As South Africa’s Azinga Fuzile prepares to challenge for the vacant IBF super-featherweight world title on Saturday night, Boxing Social gets the lowdown on his prospects from the Golden Boy’s manager Colin Nathan…
Azinga Fuzile has long been seen as a future world champion by his manager and former trainer Colin Nathan.
Now the skillful southpaw from Duncan Village in East London, South Africa has the chance to ascend to world honours when he faces Kenichi Ogawa of Japan for the IBF super-featherweight title at Madison Square Garden on Saturday night.

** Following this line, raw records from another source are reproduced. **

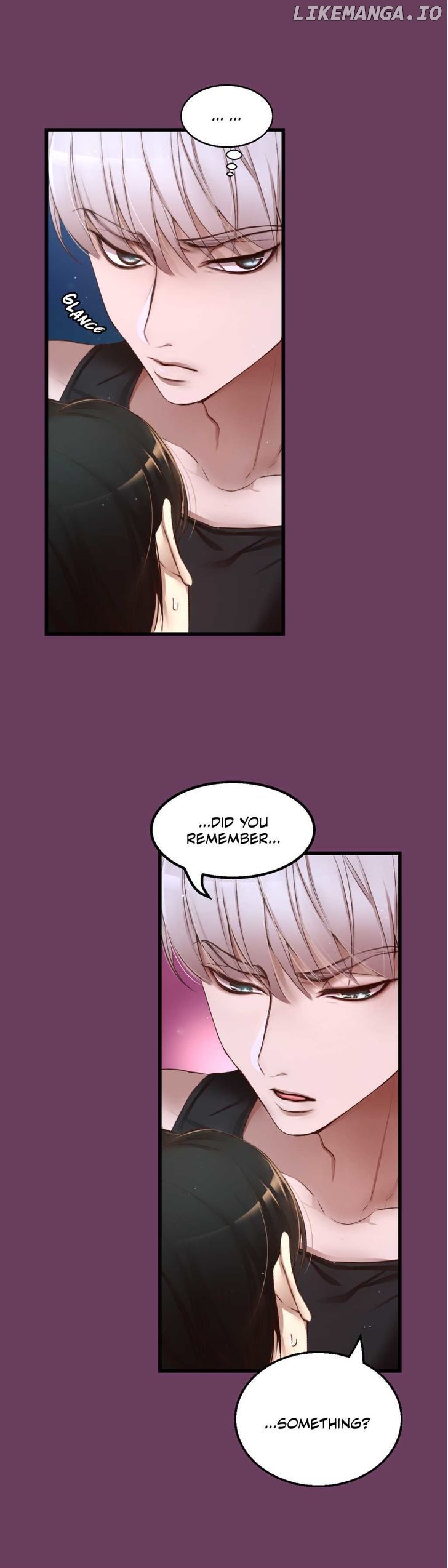 A Man Like You chapter 5 - page 46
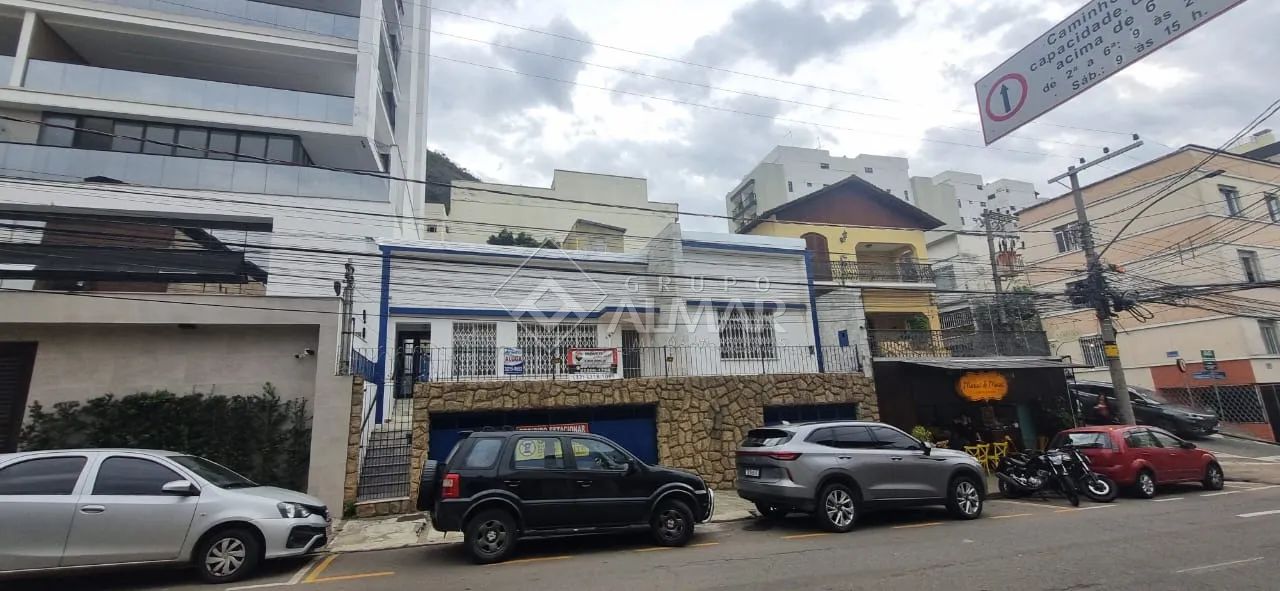 Casa para locação comercial!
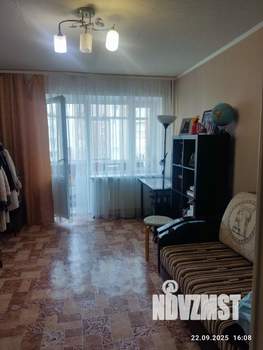 2-к квартира, вторичка, 49м2, 6/7 этаж
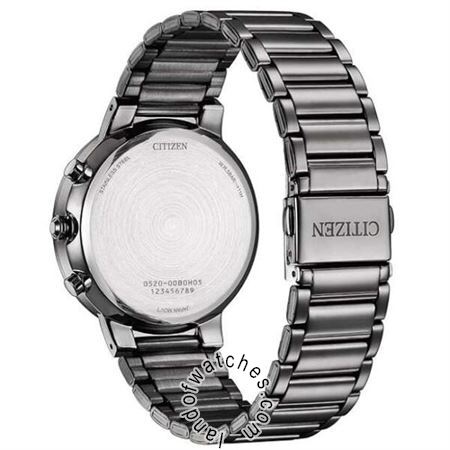 Buy Men's CITIZEN AN8227-53H Classic Watches | Original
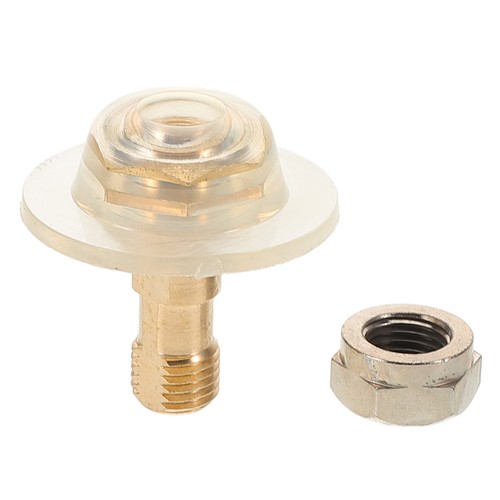 Life buoy valve - buoy,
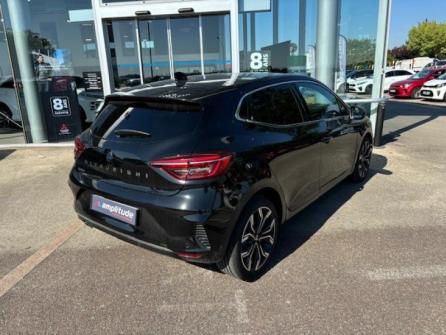 MITSUBISHI Colt 1.0 MPI-T 91ch Intense à vendre à Troyes - Image n°5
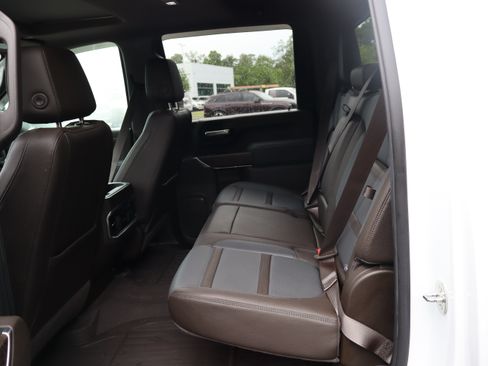 Used 2022 GMC Sierra 2500 Denali AWD/4WD image 55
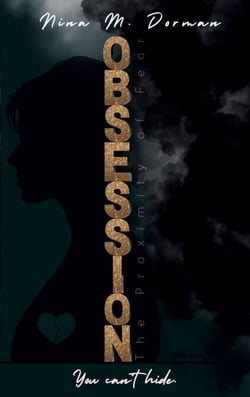 Obsession - You can´t hide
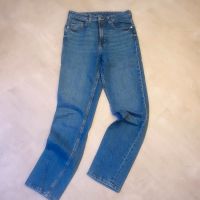 H&M Jeans Vintage Straight High Waist & Denim Gr. 38 Niedersachsen - Celle Vorschau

“Azinga is a very special talent,” Nathan told Boxing Social by telephone from New York as fight night drew closer. “He’s very awkward. His hands are low, his feet are very wide, he makes you miss. He’s very hard to pin down and hard to catch. He has very good reflexes, great timing and he’s a very good counter-puncher. Those attributes make him very special.”
Nathan confirms that Fuzile is in excellent shape. “At the press conference yesterday he was beaming and his skin tone looked good. It’s great to be in New York City and it’s great to be a part of such a big event.

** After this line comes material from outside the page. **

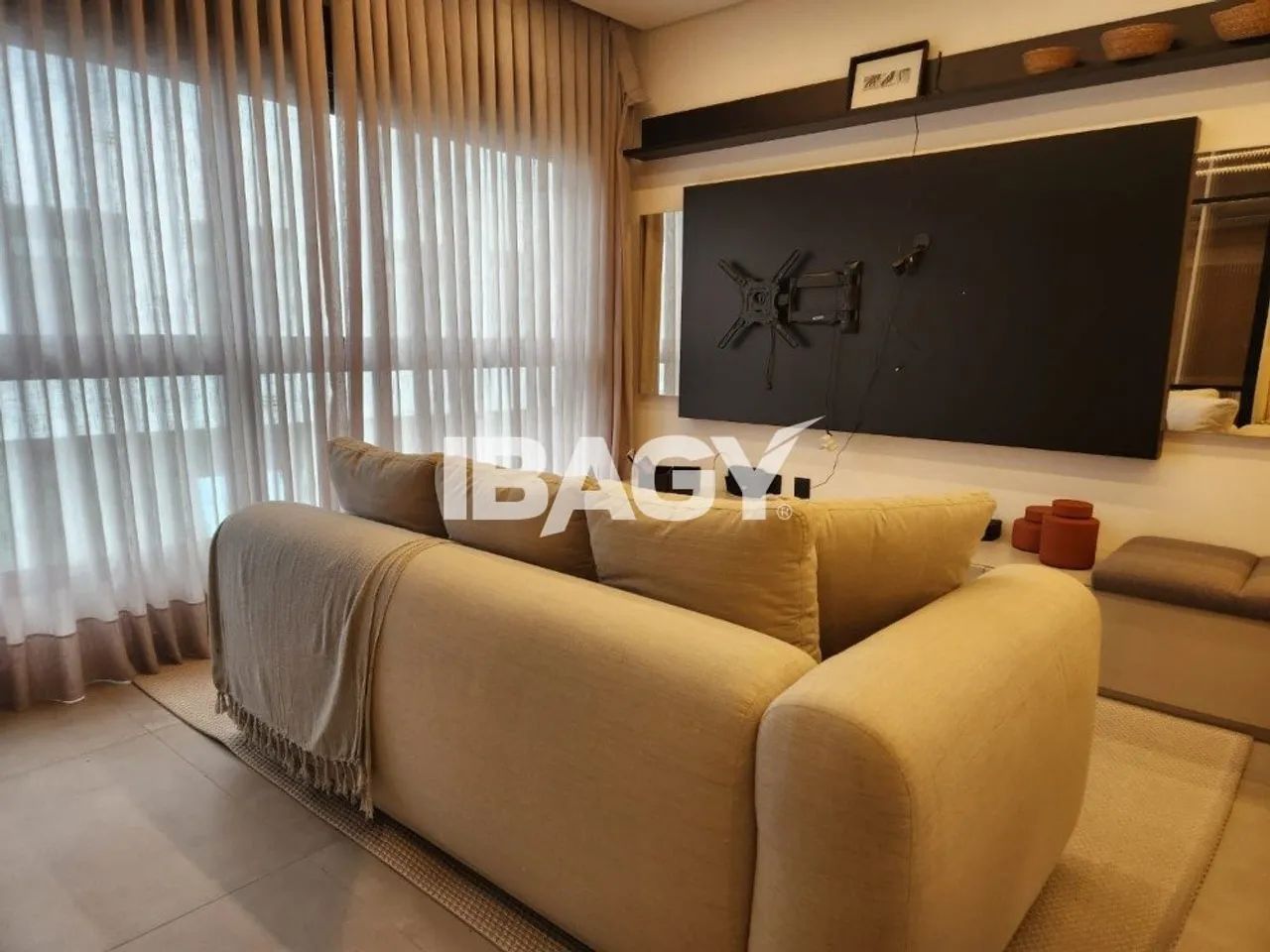 Excelente Studio 1 dormitório(s) em Saco Grande - Florianópolis - Foto 3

“Saturday night is an amazing opportunity for Azinga on two fronts – he gets to fight at the iconic Madison Square Garden, one of the greatest and most prolific boxing venues in the world, if not the most. And he’s also getting an opportunity to fight for a legitimate world title.”

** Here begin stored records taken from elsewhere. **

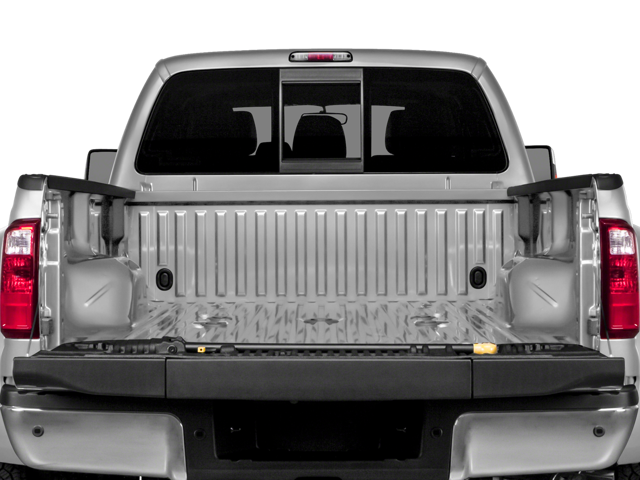 2016 Ford F-450SD DRW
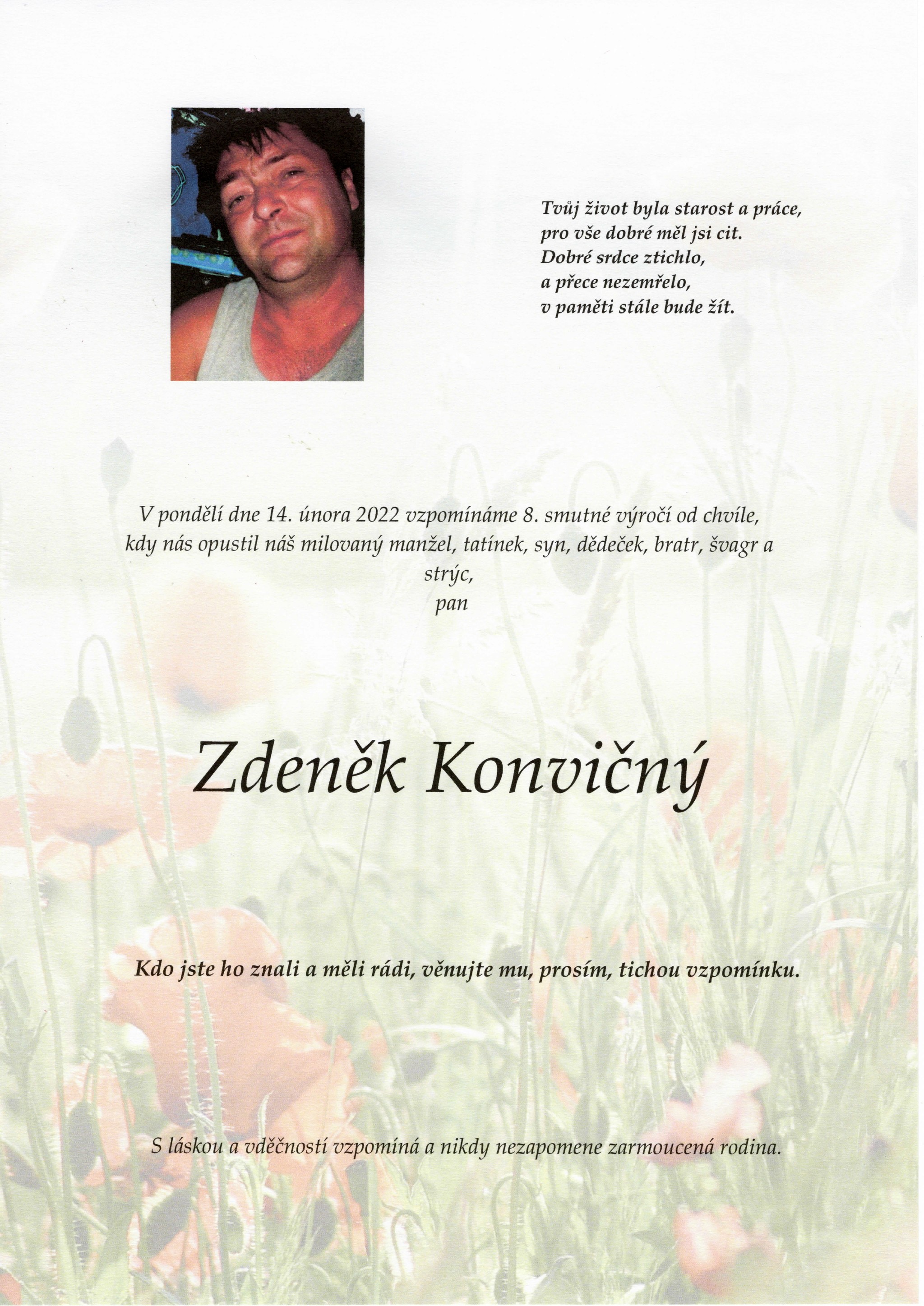 Zdeněk Konvičný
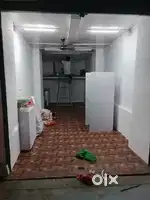 Good condition shop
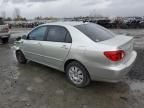 2003 Toyota Corolla CE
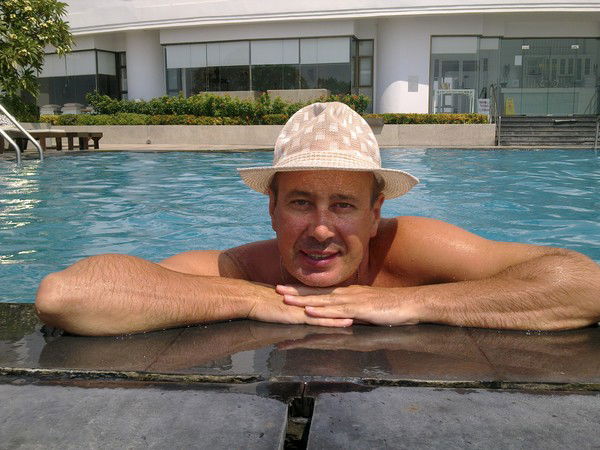 Игорь Мельничук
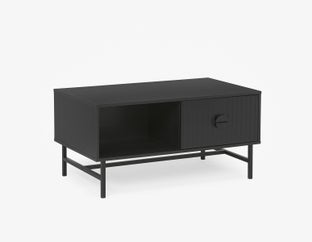 MONTANA - table basse - Noir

For all Fuzile’s skill, however, Nathan admits that the 33-year-old Ogawa will be a formidable foe and should not be under-estimated.
“Ogawa is very good. He’s highly experienced, almost a veteran in the division. He’s got a very good record and he’s a very aggressive fighter. He throws a lot of punches and obviously Azinga needs to figure out early on how to negate and combat that.”
Nevertheless, Nathan is confident his charge will prevail. “I think potentially the more aggressive Ogawa is the more that will suit Azinga. Ogawa can be one-dimensional in his attacks and I think that will suit a counter-puncher like Azinga down to the ground.
“I see Azinga picking his spots and punches. I think he can hurt Ogawa, win rounds and stop him late or win a unanimous decision.”
Fuzile has had a somewhat turbulent couple of years. In September 2019 – in an IBF eliminator – he was stopped in eight in his hometown of East London by Tajikstan’s Shavkat Rakhimov.
A subsequent protest by Nathan relating to alleged use of prohbited smelling salts by the Rakhimov corner was rejected by the IBF.
However – in a twist many have argued represents some form of karmic justice – an injury to Rakhimov, who was originally due to fight Ogawa, now sees Fuzile get his world title chance.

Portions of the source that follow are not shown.